Na base, encontramos controlos físicos dedicados ao ar condicionado, bem como uma linha digital permanente com atalhos rápidos para funções como o aquecimento dos bancos ou a direcção do fluxo de ar. As animações do painel de instrumentos digital (12,3 polegadas) são as mesmas que já tínhamos visto no Renault 5 E-Tech, incluindo a representação surpreendentemente fiel de outros veículos no trânsito, como camiões, autocarros e motas.
O volante repete também os comandos do pequeno eléctrico da Renault, a nossa última referência dos automóveis da marca francesa. Atrás, encontramos duas patilhas — mas não para mudanças. No Scenic, servem para ajustar os quatro níveis de regeneração da bateria: a da direita reduz, a da esquerda aumenta. Esta abordagem torna-se rapidamente intuitiva e ajuda a adaptar a condução ao tipo de estrada ou tráfego: usámo-las muitas vezes em vez de estarmos a recorrer ao travão, uma nova e curiosa forma de controlar um automóvel.
Tal como vimos no 5 E-Tech, o Scenic também traz o sistema Multi-Sense, com quatro modos de condução: ‘Eco’, ‘Comfort’, ‘Sport’ e um modo ‘Personalizado’, que nos permite definir a resposta do motor, o comportamento da direcção e a dinâmica geral do automóvel. Tudo é bastante intuitivo e fácil de configurar, algo que começa a ser uma tradição nos novos Renault.
A arrumação é um dos pontos fortes deste modelo. A consola central tem vários compartimentos: uma base fixa para garrafas e copos, outra zona modular com divisórias móveis em três posições e uma zona que peca por ser demasiado profunda, com um acesso que se torna bastante complicado. Aqui, temos uma tomada de 12V, cuja localização pouco prática é um dos (poucos) erros de ergonomia deste SUV.
Há ainda um alçapão sob o apoio de braços com mais arrumação e uma bandeja onde nos acostumámos a colocar a chave, junto a duas portas USB-C. Para carregar o smartphone existe uma base sob os botões físicos, discretamente integrada por baixo dos botões físicos do ecrã principal, mas com outro erro: o torna-se acesso complicado, especialmente para quem tem mãos maiores.
O sistema de som Harman Kardon, com nove altifalantes e 410 W, deu-nos uma experiência auditiva envolvente e de qualidade. Já os controlos do volume e do ecrã passaram para a moldura lateral do ecrã e são, agora, sensíveis ao toque, uma solução prática. No Captur e no 5 E-Tech, a Renault colocou-os no topo, o que não facilitava muito a sua operação.
A função de estacionamento mãos-livres continua a ser eficaz e intuitiva, e um botão localizado à esquerda do volante permite activar rapidamente o modo ‘My Safety’, onde é possível desligar os alertas das ajudas à condução — uma decisão inteligente da Renault, já que estas assistências podem tornar-se muito intrusivas (o som dos alertas é incómodo).
A autonomia anunciada para esta versão com bateria de 87 kWh é de 784 km em ciclo urbano e 603 km em ciclo combinado, segundo a marca).

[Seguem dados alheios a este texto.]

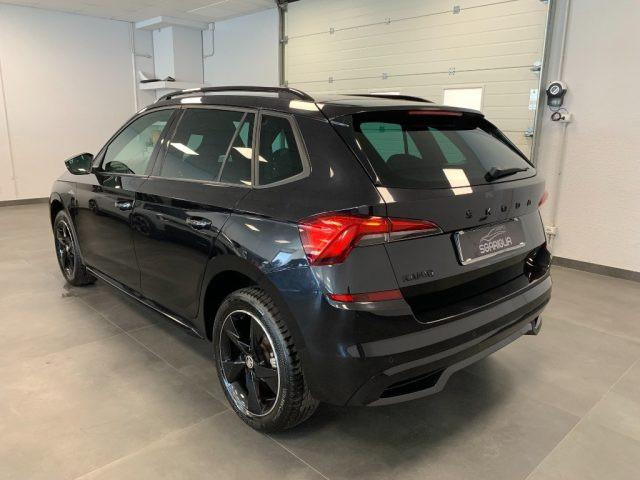 SKODA Kamiq 1.0 Metano G-Tec Monte Carlo Tetto Panoramico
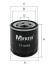 Фильтр масла Jumper/Boxer/Transit 2.2HDI/TDCi 11- M-FILTER TF 6548 (фото 1)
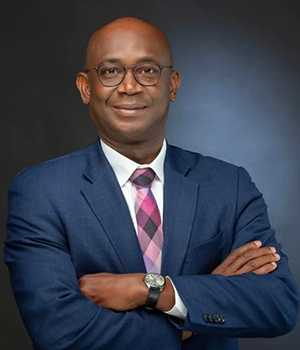 Djibril OUATTARA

Após percorrermos 224 km, registámos um consumo médio de 13,7 kWh/100 km (auto-estrada, estradas secundárias e cidade) e um EcoScore de 70/100, o que demonstra uma boa eficiência, mesmo com os 220 cv disponíveis. Os consumos homologados são de 17,4 kWh em ciclo combinado e 13,4 kWh em urbano, o que faz com que o nosso resultado tenha sido melhor que o “oficial”.

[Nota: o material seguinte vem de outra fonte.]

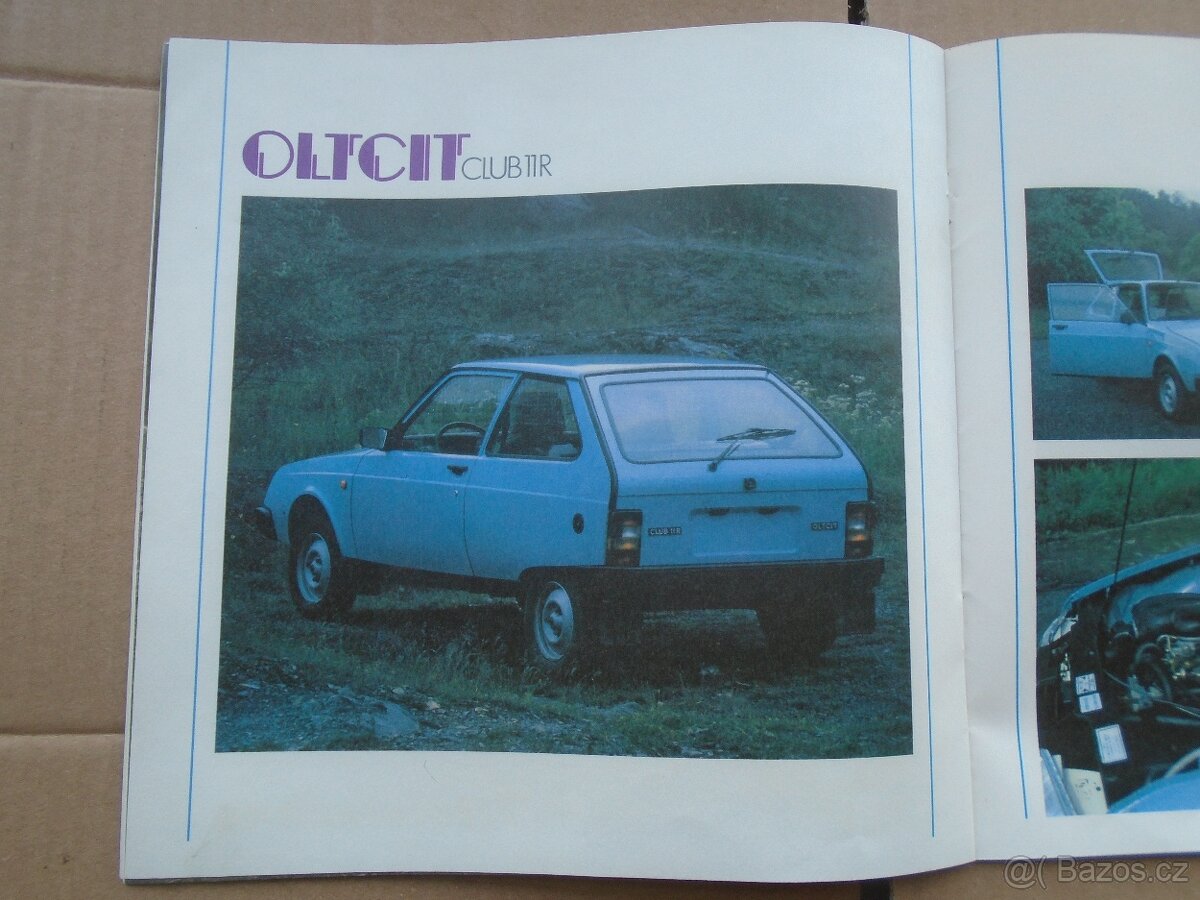 Olcit - 8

Com um preço final de 54 900 euros (incluindo extras como o tejadilho Solarbay e a cor cinzento Schiste), a nova “vida” do Renault Scenic personifica-se num familiar com argumentos sólidos — especialmente no conforto e na habitabilidade traseira. Apesar de algumas falhas, acaba por ser uma proposta distinta, num segmento onde a Renault vai somando modelos com ambições semelhantes.